**EXERCISE DATA:**
......

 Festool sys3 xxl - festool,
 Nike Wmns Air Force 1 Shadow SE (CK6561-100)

......

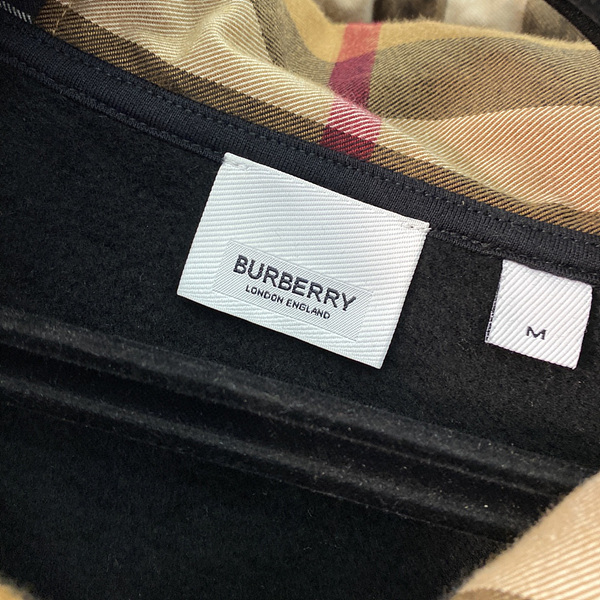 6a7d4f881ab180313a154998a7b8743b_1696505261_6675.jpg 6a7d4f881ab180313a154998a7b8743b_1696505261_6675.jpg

......

**WORK ITEM:** Set down only the lines above that fall between the line holding "Festool sys3 xxl" and the line holding "Nike Wmns Air Force 1 Shadow SE (CK6561-100)", inclusive, keeping each exact.

**RESULT FOR THIS TASK:**
 Festool sys3 xxl - festool,
 Nike Wmns Air Force 1 Shadow SE (CK6561-100)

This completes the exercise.